箕輪町の三日町、福与の農家らでつくる「箕輪営農組合」が、荒れた農地を解消してホタルが飛び交う古里の再生を目指した取り組みを開始し、半年を迎える。ホタルの餌の飼育などに上伊那農業高コミュニティデザイン科里山コース2年や箕輪南小6年に協力してもらい、学校との連携を進めてきた。将来的に目指すのは、地域住民を巻き込んでの活動。人里と結び付き、ホタルが乱舞した昔の里山風景を取り戻したいと、意欲を見せている。

担い手不足などによる荒廃農地の解消を最重要課題に掲げる同組合。「ホタル復活」をキーワードに、荒廃農地に手を入れることを計画した。南箕輪村でホタル復活プロジェクトに取り組んでいる上農生に協力してもらうことに。子どもたちに自然や農地に慣れ親しんでもらえるようになればと、地元の箕輪南小にも声掛けしてプロジェクトを進める。

活動場所は福与判の木の荒廃農地。傾斜地にあり、かつては田んぼだったものの、長年手つかずの状態が続き、荒れ地になっていた。広さにして約20アール。昔はホタルが乱舞していたとされるが、現在は姿を見掛けることはないという。

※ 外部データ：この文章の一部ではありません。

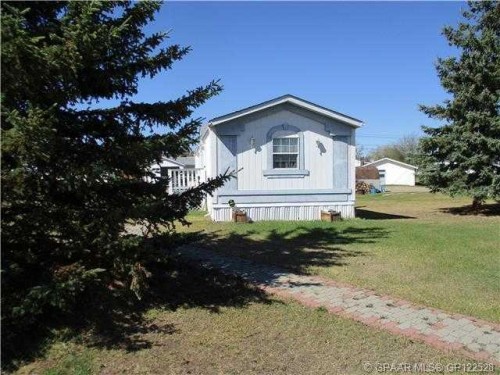 902 2B Street Se, Manning, AB - Outdoor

同組合は、6月ごろから草刈りを行うなど、数回にわたって手を入れてきた。目指すのは、ゲンジボタルやヘイケボタルが生息する環境。ゲンジの幼虫の餌になる巻き貝・カワニナは、箕輪南小6年に育ててもらっている。ゲンジボタルは、上農高が人工繁殖に取り組んでいる。

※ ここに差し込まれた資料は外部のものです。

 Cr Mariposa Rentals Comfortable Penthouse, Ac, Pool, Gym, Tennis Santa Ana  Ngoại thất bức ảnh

2日は今後の方向性を打ち出すため、ホタルをはじめ生物の保全について研究してきた信州大学名誉教授の藤山静雄さん(75)=松本市=に視察してもらった。さまざまな生き物が生息する環境の整備が大切とのアドバイスを受けた。

上農高の生徒は「ホタルがすみやすい環境を整えられるように頑張りたい」。小森康司組合長(72)は「ホタル復活には一筋縄ではいかないだろうが、力を尽くして昔ながらの里山を再生したい」と意欲を見せる。